How to complete this task: The records must be retyped exactly, with no pictures included.

BEGIN Source data

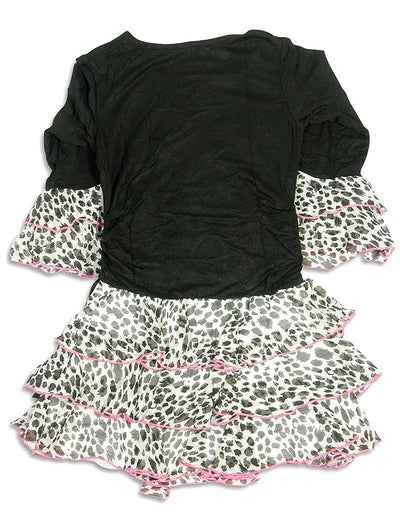 Me Me Me by Lipstik - Little Girls Long Sleeve Leopard Heart Dress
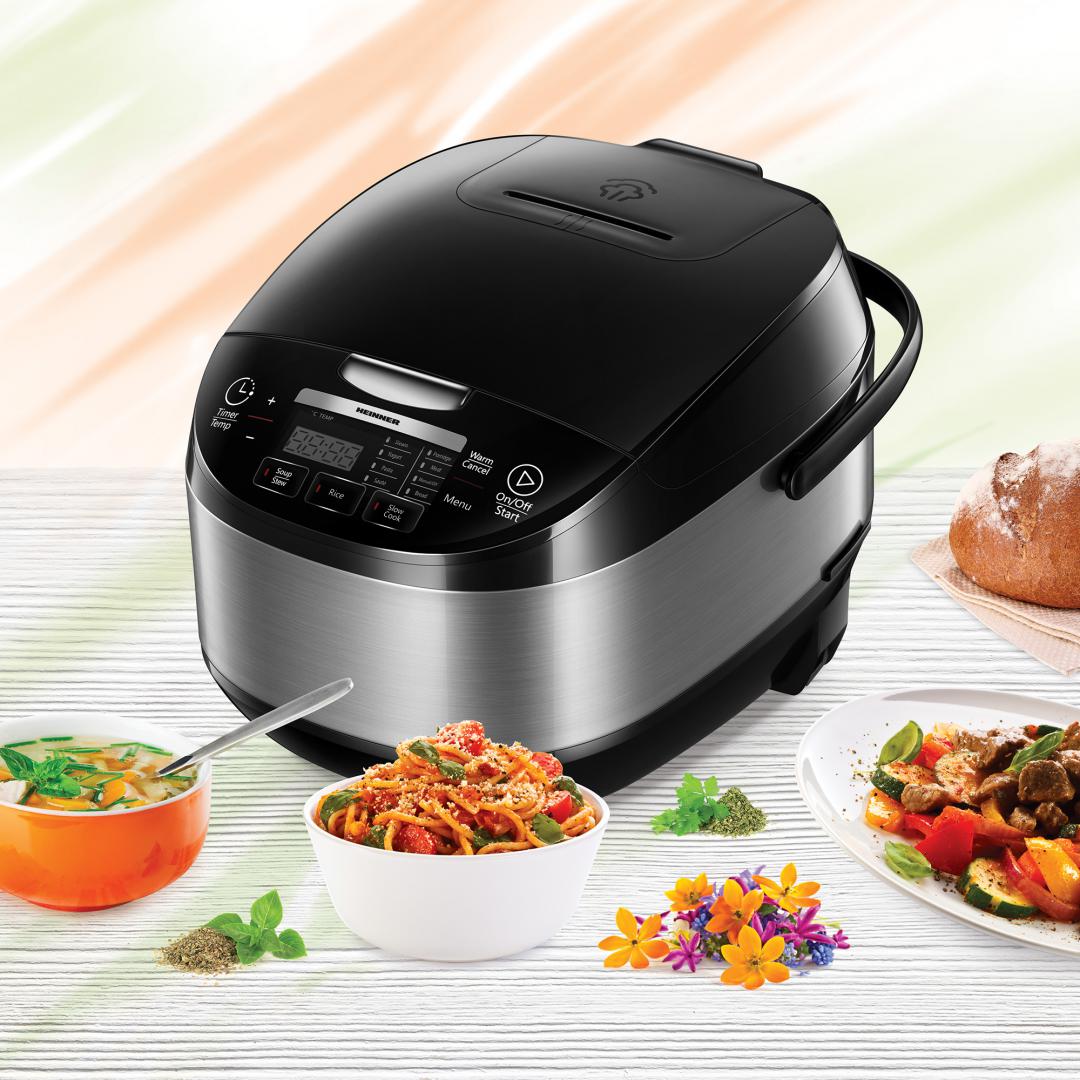 Multicooker Heinner HMCK-5BK, 5L, 770W, 11 programe, Timer, Control Touch (Negru)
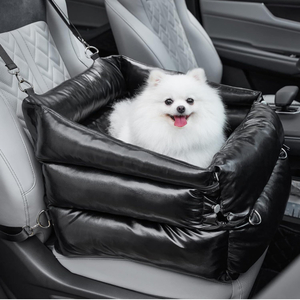 ペット用 ドライブボックス 犬 PUで耐久性UP!ドライブ 車 小型犬 中型犬 お出かけ 猫用 体重15kg以下 車内 座席 旅行 (ブラック)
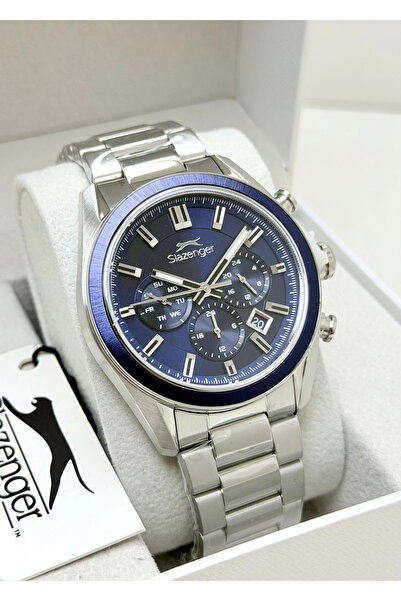 Slazenger Orijinal 2 yıl Garantili Fonksiyonu Çelik Kordon 10ATM Su Geçirmezl...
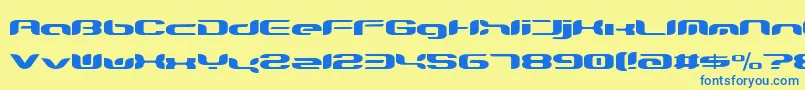 Teknikohlremix01Normal Font – Blue Fonts on Yellow Background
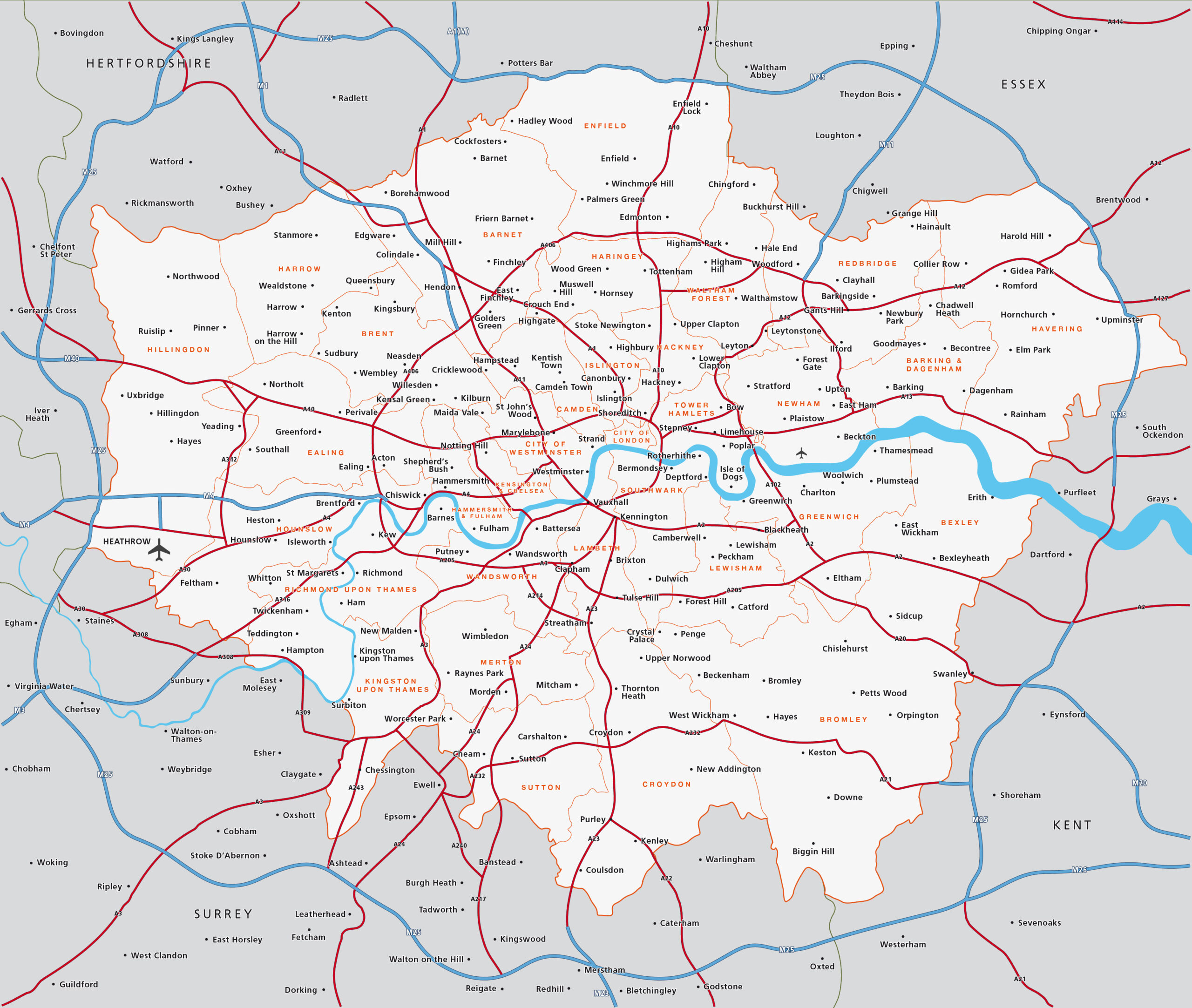 Map Of Greater London Districts And Boroughs – Maproom in Large Printable Map Of London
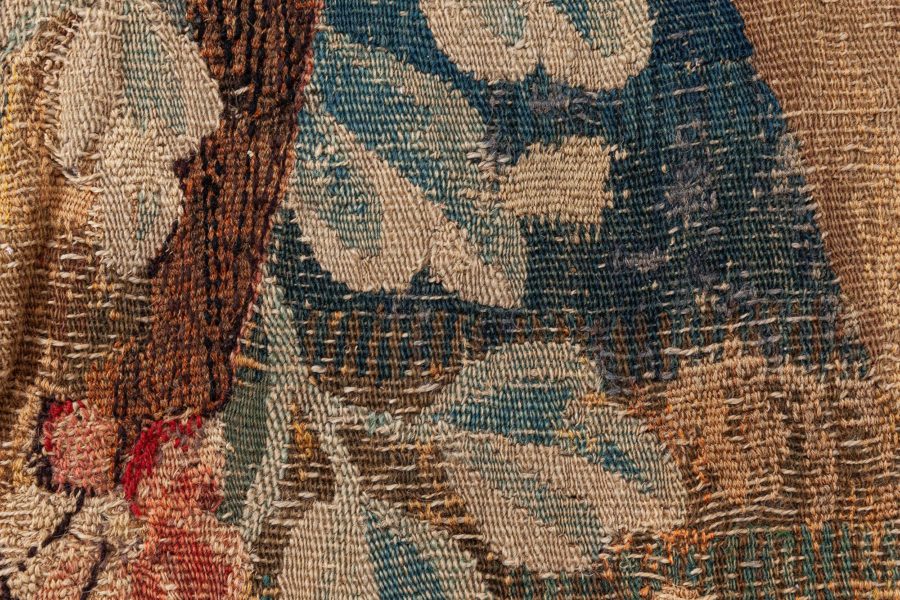 Authentic 18th Century Verdure Tapestry “Fragment” Rug BB6642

END Source data

Written reply:
 Me Me Me by Lipstik - Little Girls Long Sleeve Leopard Heart Dress
 Multicooker Heinner HMCK-5BK, 5L, 770W, 11 programe, Timer, Control Touch (Negru)
 ペット用 ドライブボックス 犬 PUで耐久性UP!ドライブ 車 小型犬 中型犬 お出かけ 猫用 体重15kg以下 車内 座席 旅行 (ブラック)
 Slazenger Orijinal 2 yıl Garantili Fonksiyonu Çelik Kordon 10ATM Su Geçirmezl...
 Teknikohlremix01Normal Font – Blue Fonts on Yellow Background
 Map Of Greater London Districts And Boroughs – Maproom in Large Printable Map Of London
 Authentic 18th Century Verdure Tapestry “Fragment” Rug BB6642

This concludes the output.